Back on 1/13, I read the book "Conversations with God", which Inna had given me. I thought I should include my reaction here. The book had an interesting premise, but it was also very repetitive and not exactly written for someone like me. However, I did find nine substantive concepts to take away. They were:

  1. Act out of your highest thought, not fear.
  2. Judge based on your own ideas, thoughts, and experiences, rather than what you're told or what you're expected to do.
  3. Control your "story" and what you tell others you are, because those do create, establish, and limit what they think of you.
  4. Fairness and justice are based wholly on judgementalism. If we are not supposed to judge others, fairness and justice are inappropriate behaviors.
  5. Similarly, you should try to live your life without expectations, because they create judgementalism.
  6. There is no meaning to life but to experience life itself.
  7. Both relationships and any setbacks in your life are opportunities to demonstrate your self-improvement.
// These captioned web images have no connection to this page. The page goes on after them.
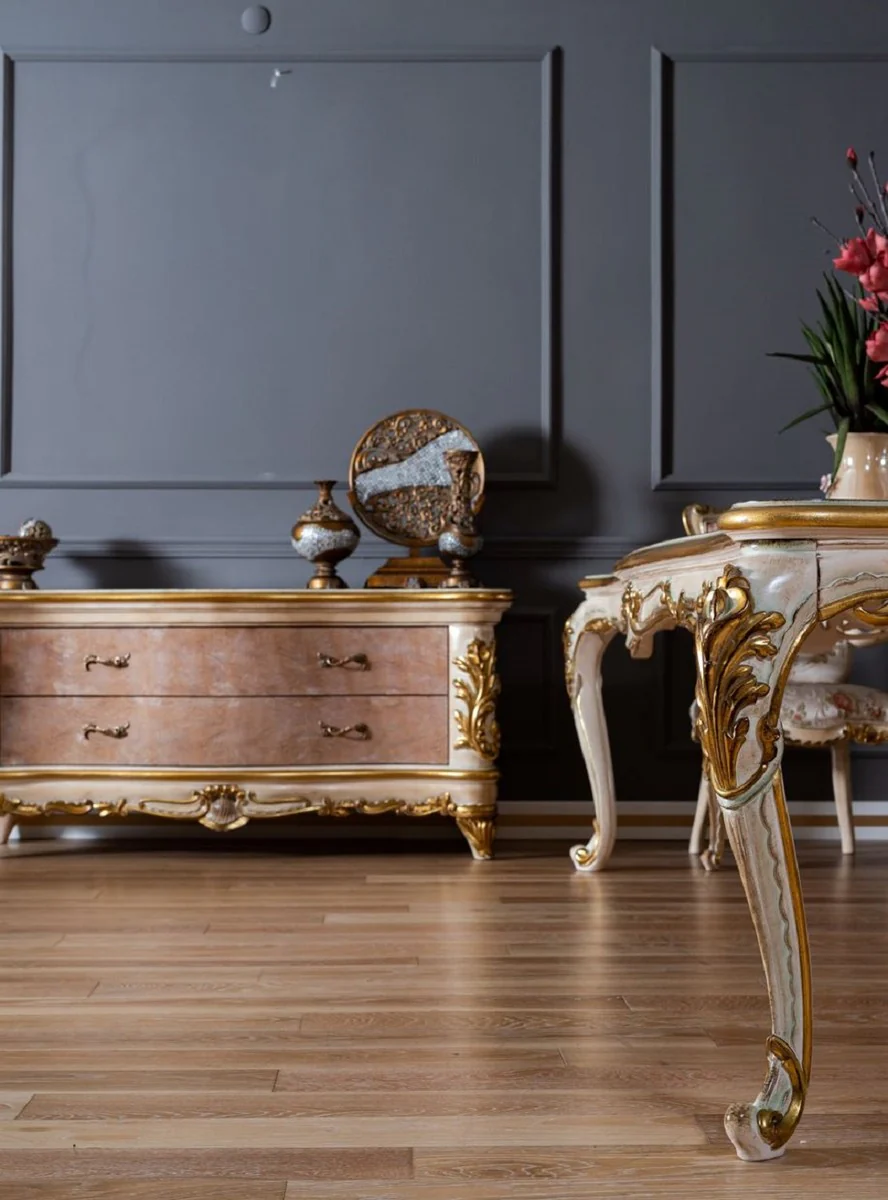 Luxury Baroque dining room set - 1 Baroque dining table & 8 Baroque dining room chairs with elegant pattern - Magnificent dining room furniture in Baroque style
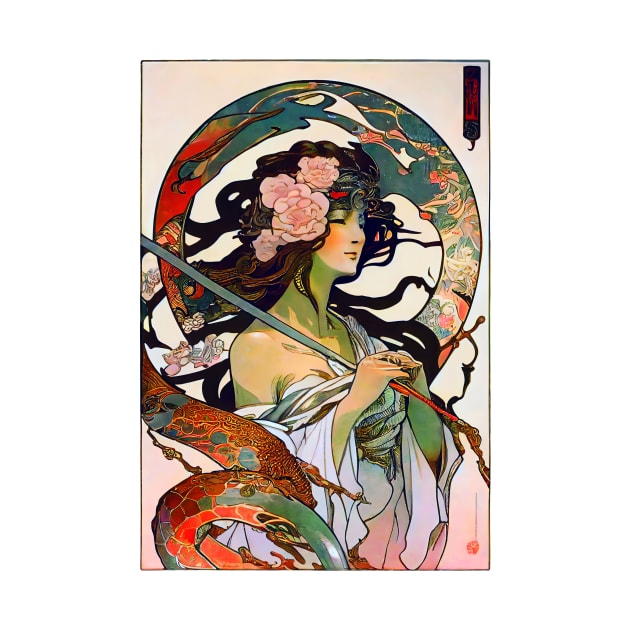 Japanese Vintage Art Nouveau Dragon Lady Priestess by entwithanaxe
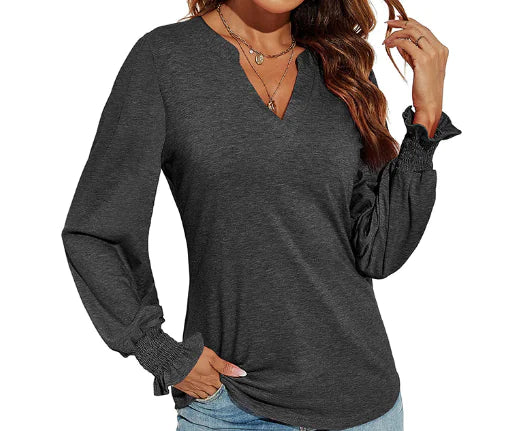 Women Long Sleeve V-Neck Lightweight Sweatshirt with Smocked Cuffs - Image 28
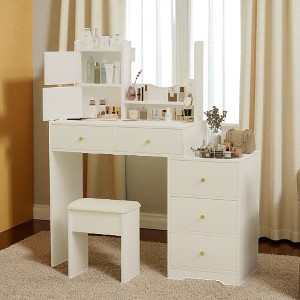 Fashion Vanity Desk with Mirror and Lights, Makeup Table Set with Cushioned Chair and Adjustable 3-Color Lighting - 1 of 4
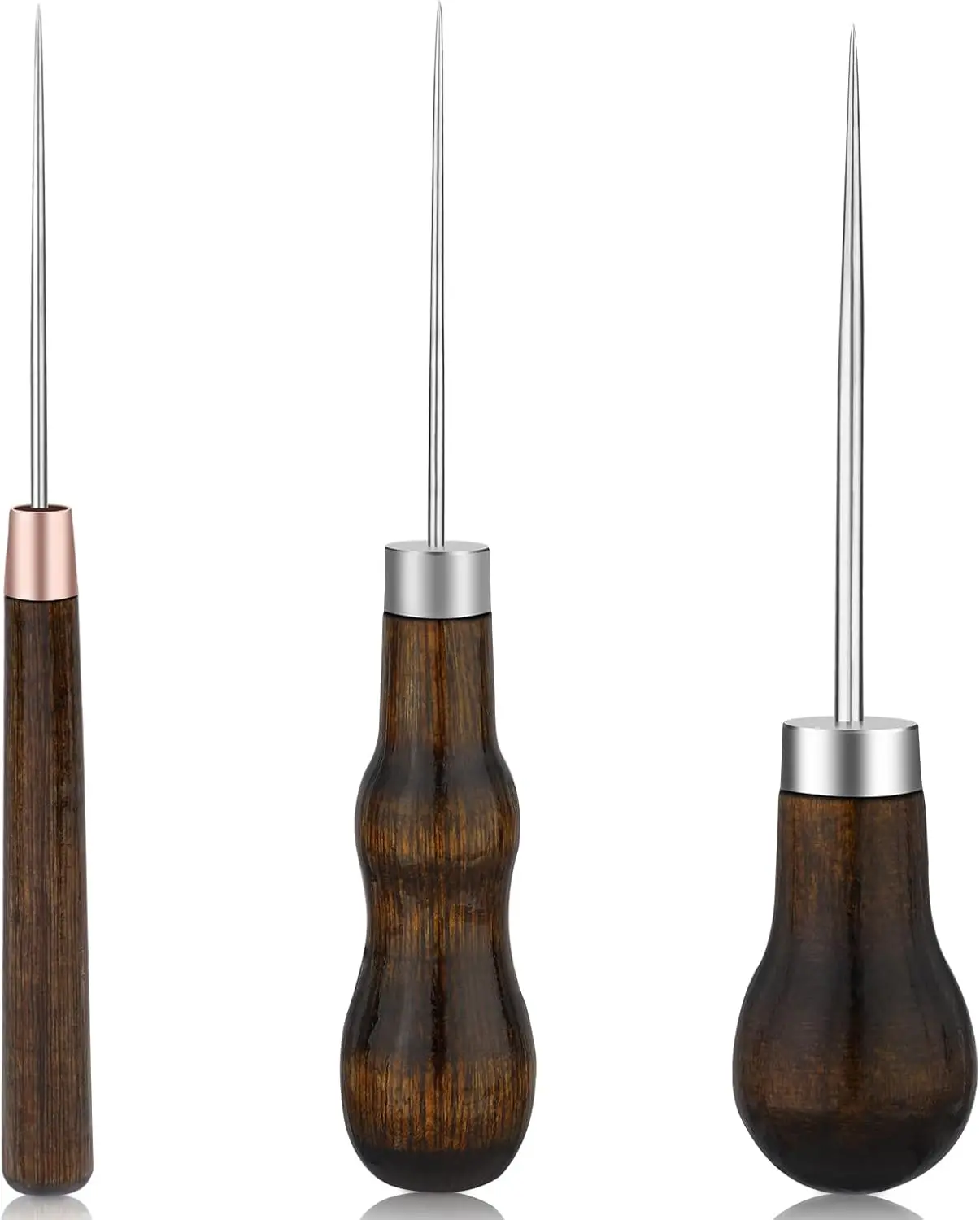 3 Pack Leather Scratch Awl Tool, Awl Tool Sewing with Gourd Shape Wooden Handle for Stitching Punching Sewing, Scratch Awl Tool Supplies for DIY Leather Sewing Punching Craft Repair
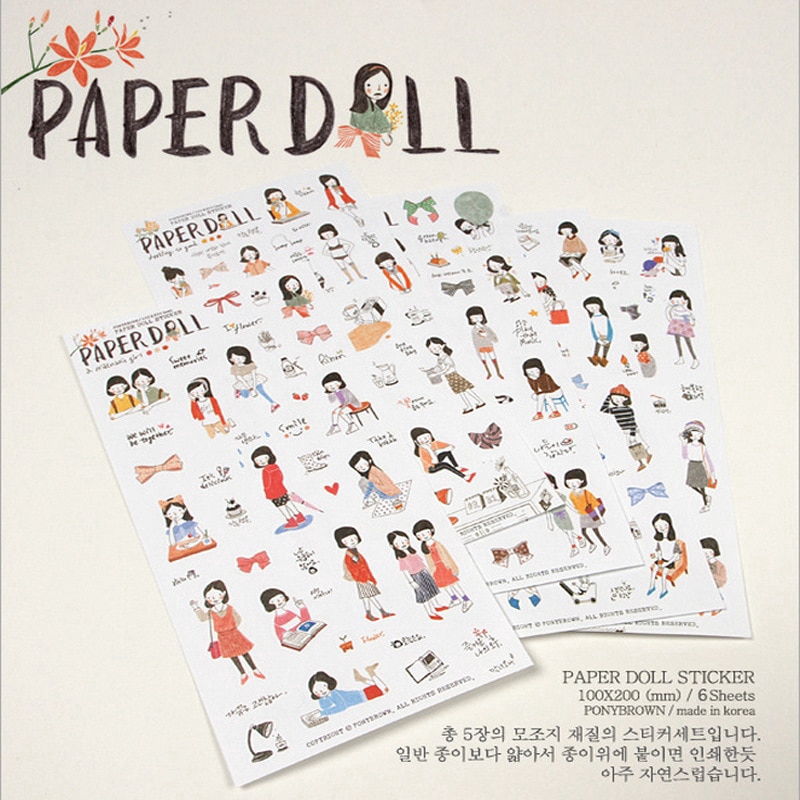 

6 Sheets/lot Cute Pencil Drawing Girl Mini Pvc Transparent Korean Stickers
  8. I should spend more time thinking about the attributes of the person I'd like to be.
  9. One way to reverse bad behaviors is to first act differently, the way you imagine you might act if your motivations were different. Then change how you think about those actions. Then change your motivating thought, which will cement the behavioral changes you've been mimicking.

The book kept my attention. It wasn't anywhere near "transformational", but it had some good thoughts that I'd like to incorporate into my daily life. Just nothing radical.